WHAT YOU ARE ASKED TO DO: Output only the lines below from the one holding "Silk Like Head" down to the one holding "Scallop Shell Beaded", both end lines included and every picture dropped.

DATA PROVIDED:
########################################

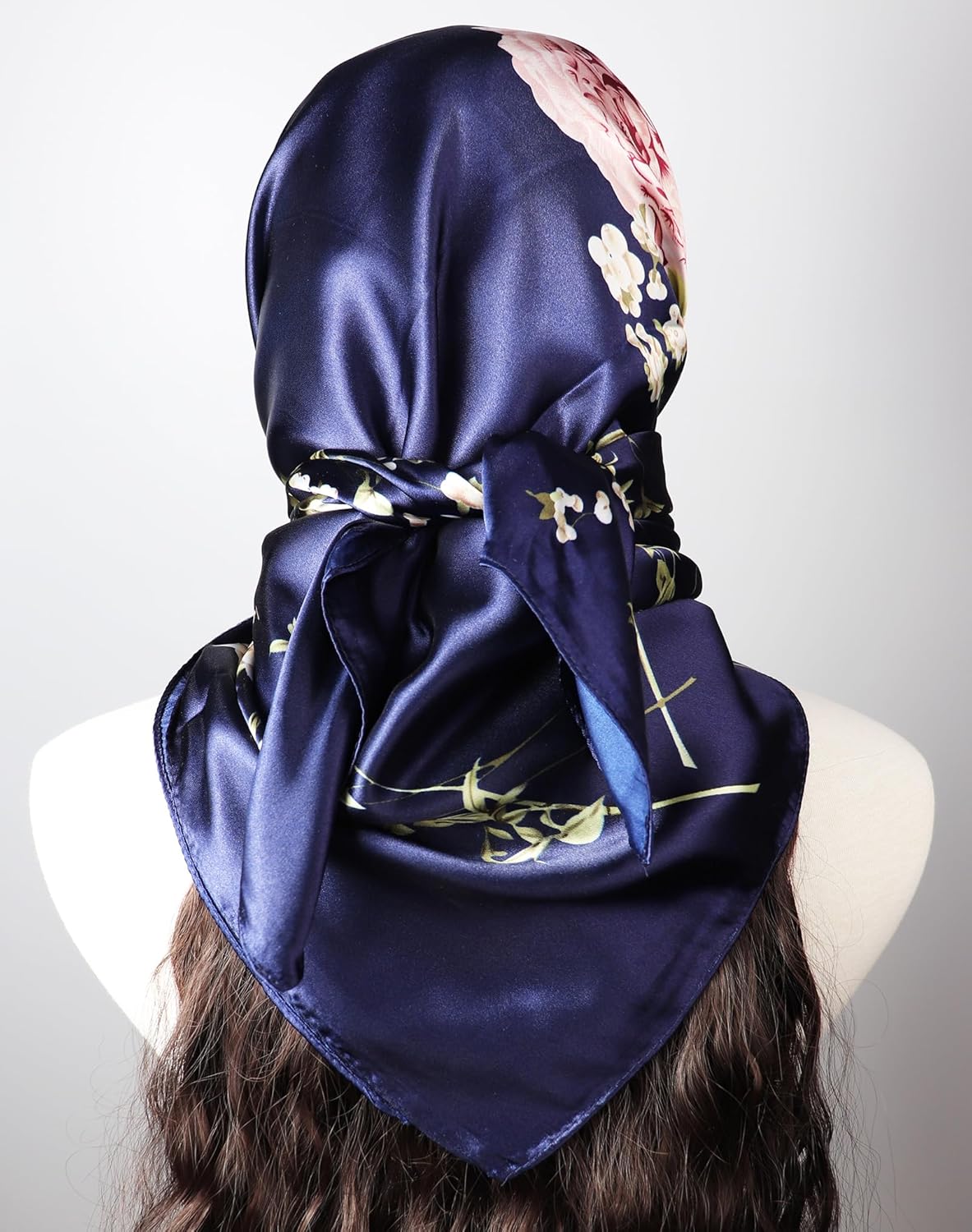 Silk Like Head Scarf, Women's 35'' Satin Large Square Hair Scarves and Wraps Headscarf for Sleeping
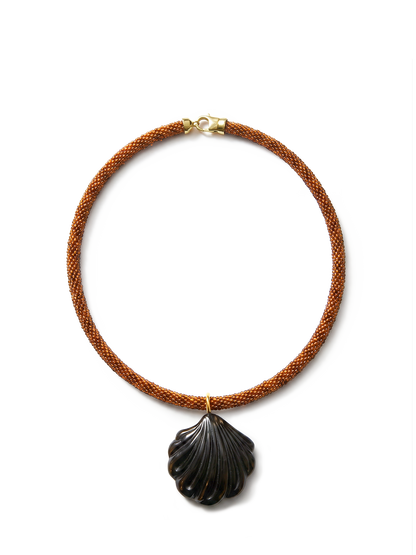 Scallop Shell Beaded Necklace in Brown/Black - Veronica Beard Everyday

########################################

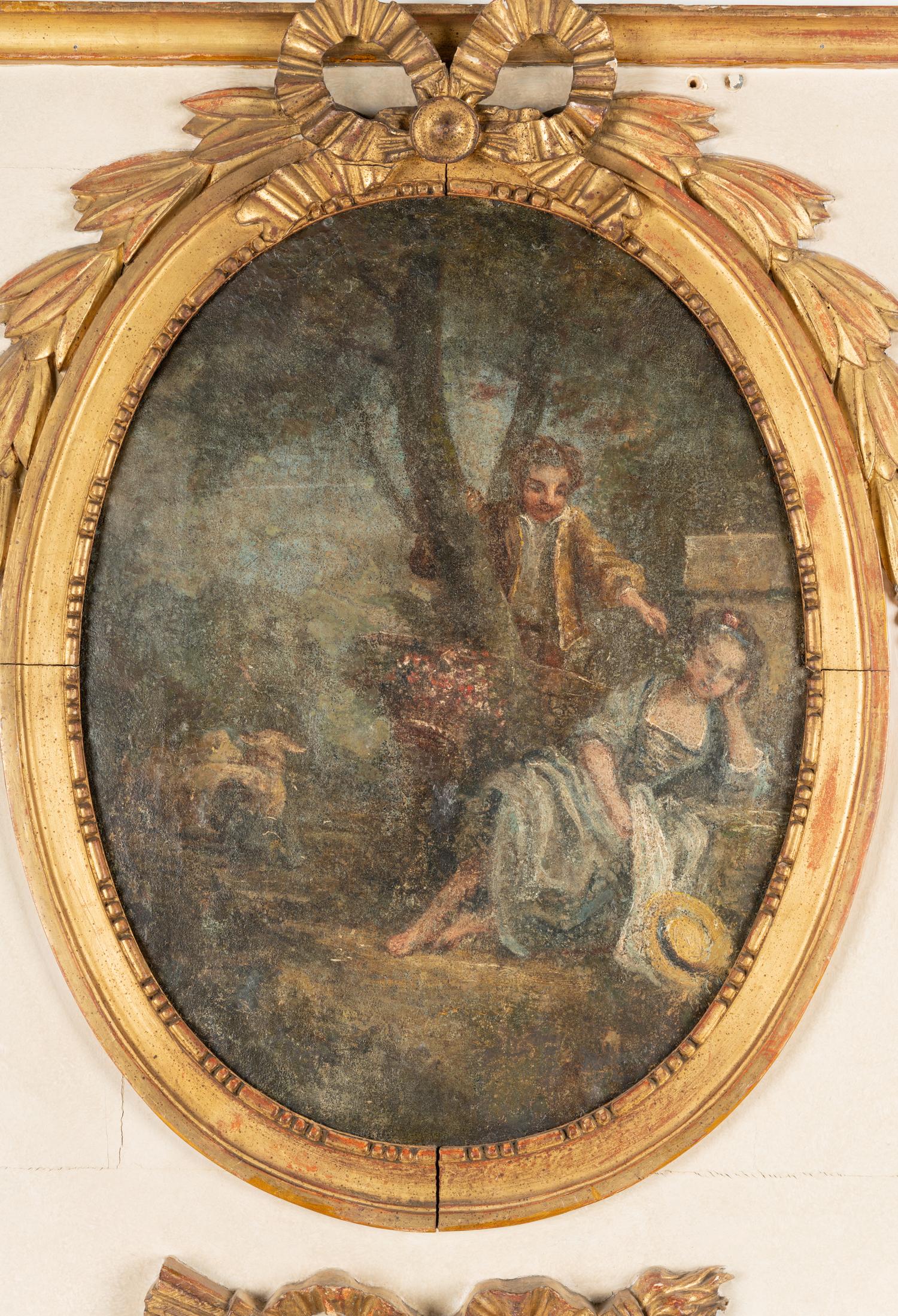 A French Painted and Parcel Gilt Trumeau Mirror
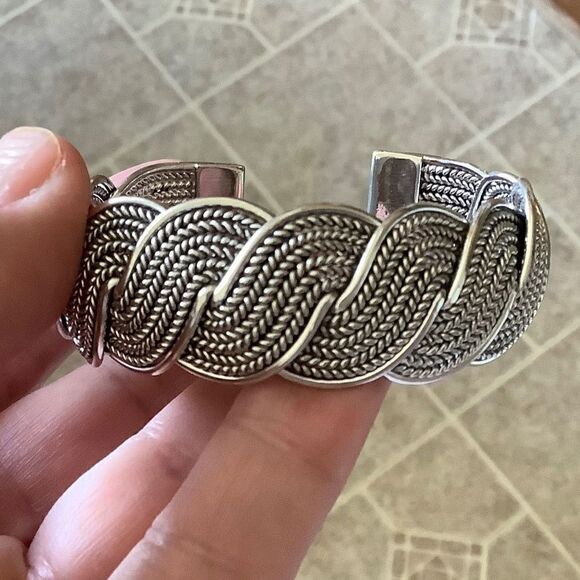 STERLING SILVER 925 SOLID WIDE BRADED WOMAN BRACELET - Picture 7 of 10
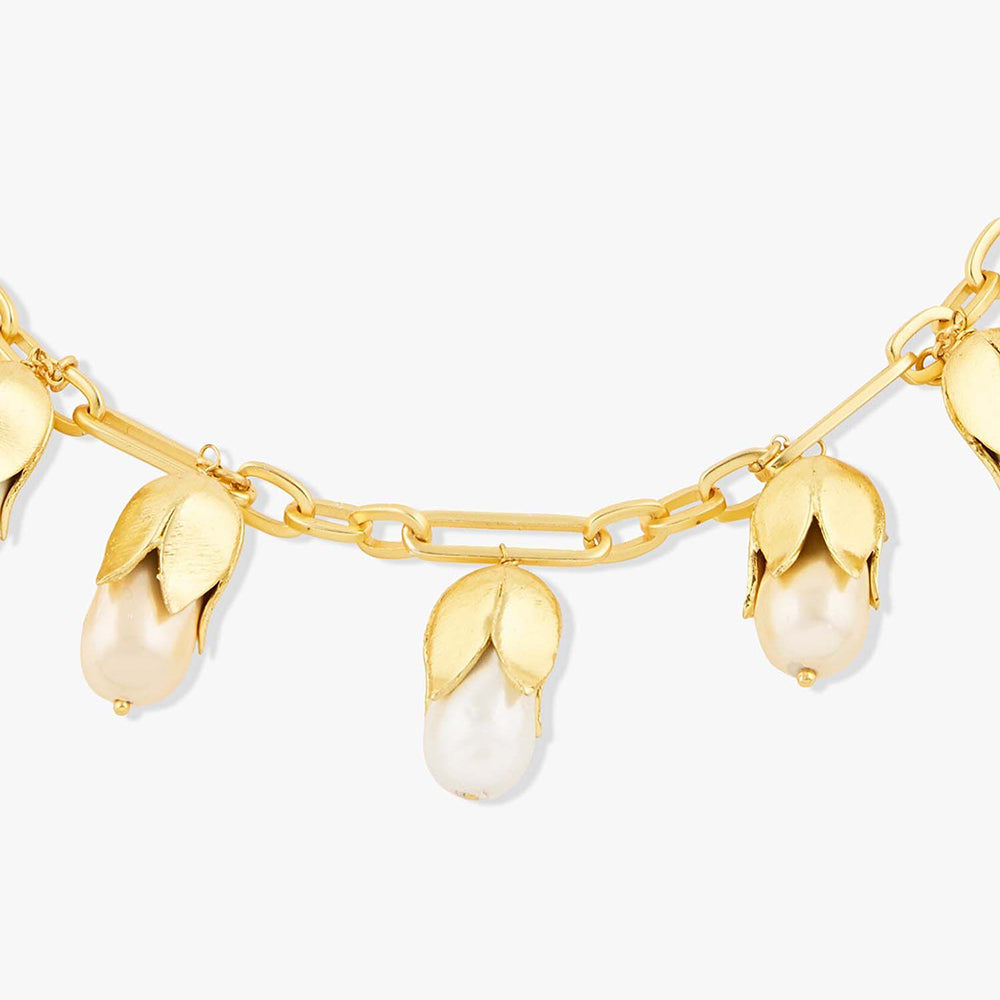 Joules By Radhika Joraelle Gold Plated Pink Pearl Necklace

########################################

WRITTEN ANSWER:
 Silk Like Head Scarf, Women's 35'' Satin Large Square Hair Scarves and Wraps Headscarf for Sleeping
 Scallop Shell Beaded Necklace in Brown/Black - Veronica Beard Everyday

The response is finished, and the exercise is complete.